Braverman-Gross et al. generated MODY1 iPSCs from patients carrying a Q268X mutation in the HNF4A gene [previously shown to cause haploinsufficiency (41),]. The authors differentiated the cells towards pancreatic progenitors and exhibited an upregulation of some pancreatic markers, such as PAX6, NEUROD1 and NEOUROG3 in the MODY1 cells, indicating a possible partial compensatory mechanism for the mutation (30). RNAseq data of MODY1 cells from the primitive gut tube stage of differentiation revealed subgroups of putative HNF4A gene targets. Targets with less HNF4A binding sites and more sites for other TFs in their promotors were less affected by HNF4A haploinsufficiency, further suggesting a redundancy mechanism for the mutation.

Maturity Onset Diabetes of the Young 3

MODY3, caused by mutations in another TF, HNF1A, is characterized by gradual β cell dysfunction and progressive hyperglycemia. In 2015, Stepniewsky et al. generated two MODY3 iPSC lines derived from patients carrying either R271W or P379fs mutations in HNF1A (31).
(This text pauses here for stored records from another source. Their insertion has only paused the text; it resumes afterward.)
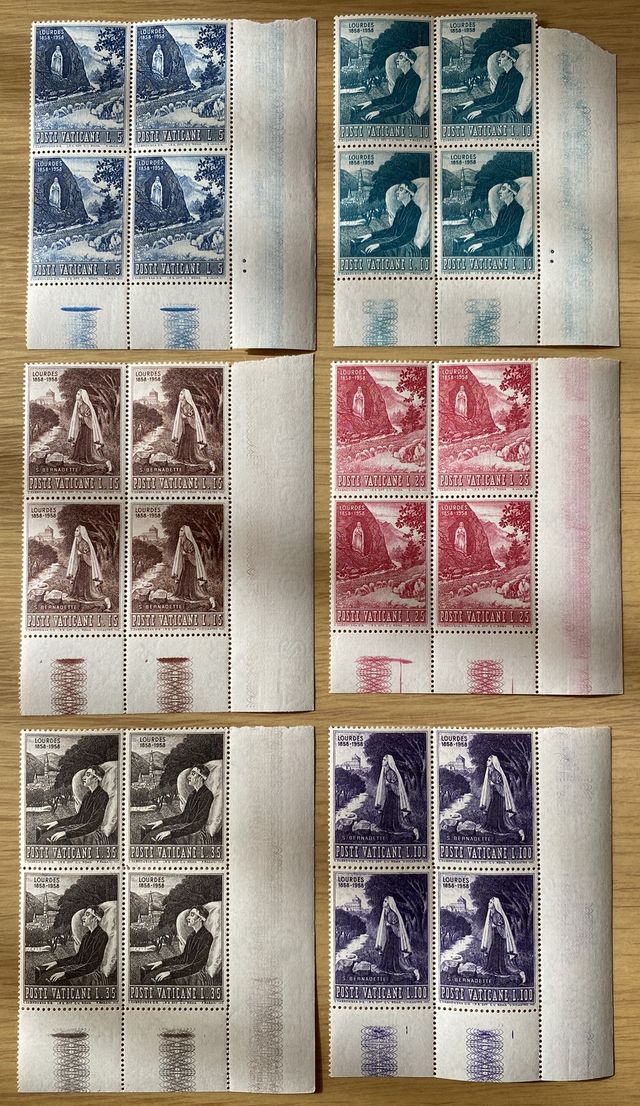 Francobolli Vaticano 1958 100° Lourdes (MNH**)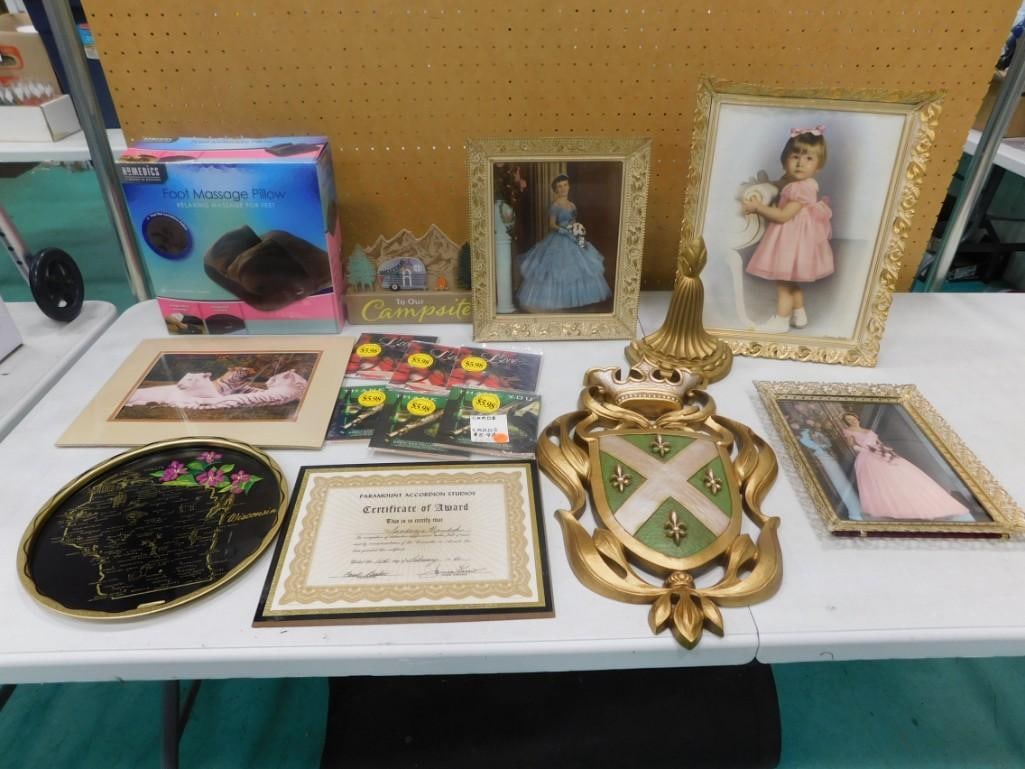 Misc Lot incl Vintage Picture Frames some with Pictures, Metal Wisconsin Souvenir Tray, Wall Hanging: Misc Lot incl Vintage Picture Frames some with Pictures, Metal Wisconsin Souvenir Tray, Wall Hangings, Foot Massage Pillow - untested, etc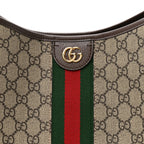 GG Supreme Monogram Textured Dollar Calfskin Web Large Ophidia Bucket Shoulder Bag Beige Ebony New Acero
They then differentiated the cells towards hormone producing cells. Even though the differentiation capacity was rather poor and resulted in immature polyhormonal cells with low percentage of insulin-positive cells, they showed that the MODY3 cells had a similar capacity to differentiate as iPSCs generated from healthy individuals (31).

Yabe et al. generated MODY3 iPSCs carrying the most common mutation in HNF1A gene, P291fsinsC (33). They differentiated the iPSCs to pancreatic cells, and showed that the mutated RNA is abolished by nonsense mediate decay (NMD), consequently leading to minimal expression of the mutant protein, indicating haploinsufficiency mechanism for this MODY3 mutation as well.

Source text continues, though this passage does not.